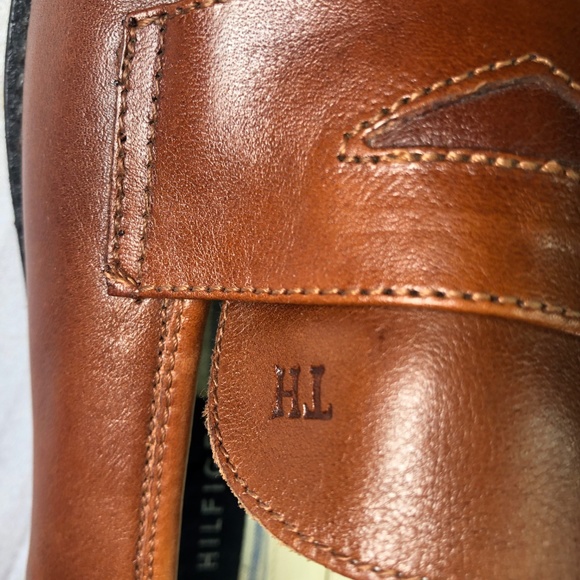 Tommy Hilfiger Brown Leather Shoes Size 7.5
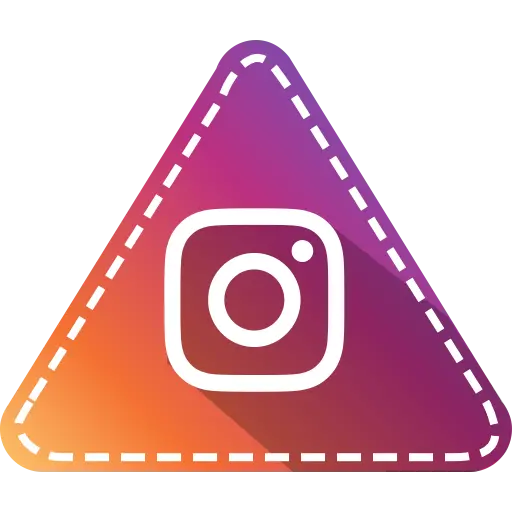High quality Instagram triangle logo and PNG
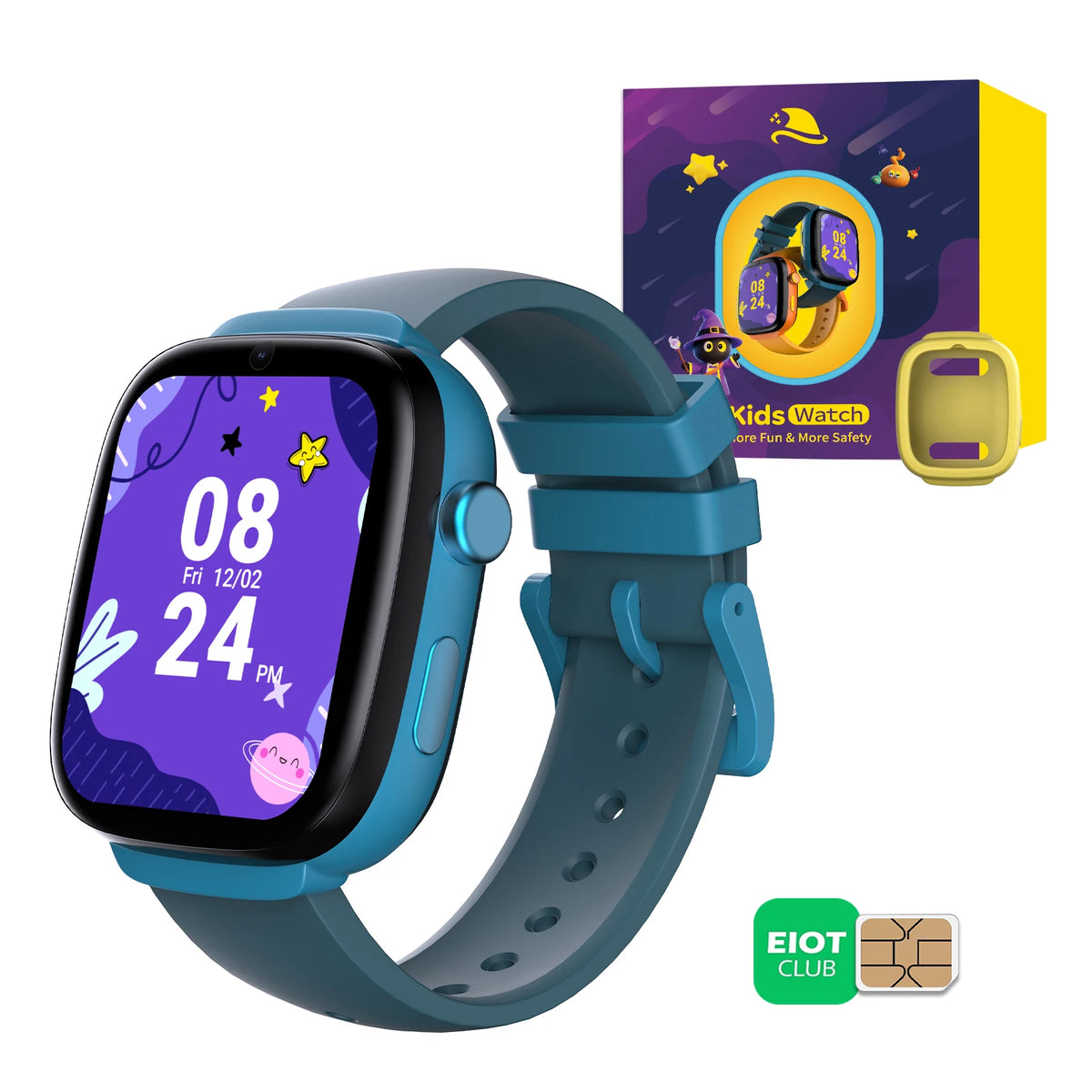 EIOTMART Kids 4G GPS Smartwatch With Calling And Parental Controls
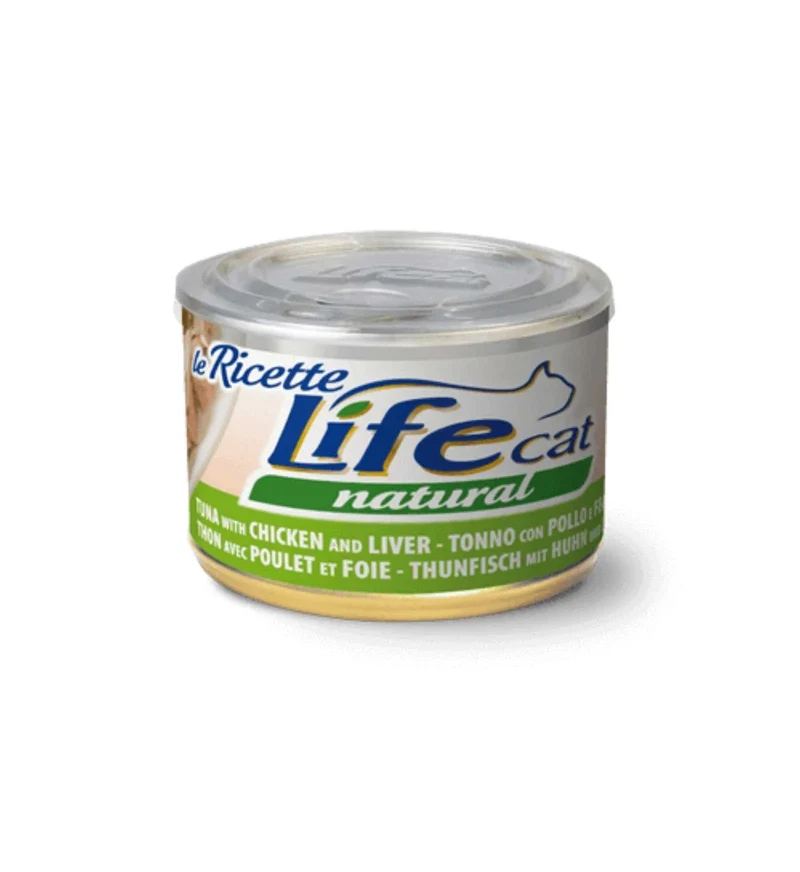 Life Cat Natural Le Ricette Tonno Pollo E Fegatini 150 G
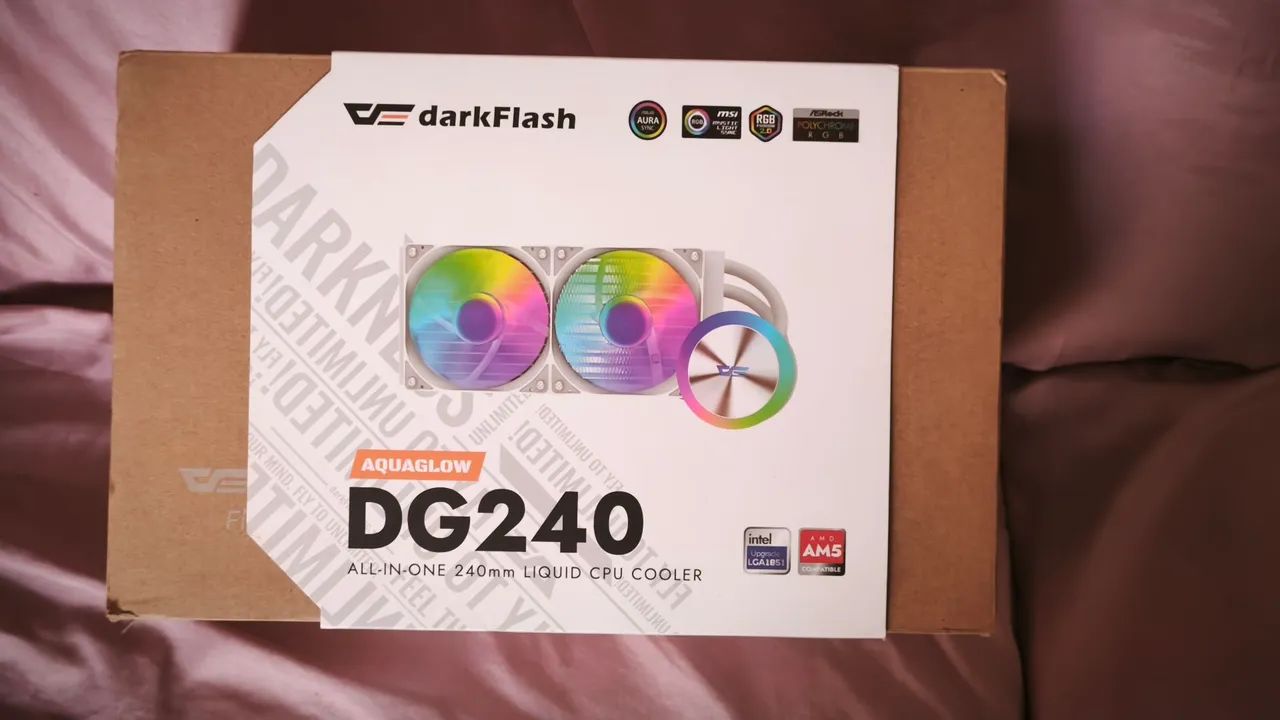 Water cooler 240mm Dark flash argb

——————

**Work order**
In the records above, find the line containing "EIOTMART Kids 4G" and restate it and every line after it word for word, all pictures excluded.

**Solved exercise**
 EIOTMART Kids 4G GPS Smartwatch With Calling And Parental Controls
 Life Cat Natural Le Ricette Tonno Pollo E Fegatini 150 G
 Water cooler 240mm Dark flash argb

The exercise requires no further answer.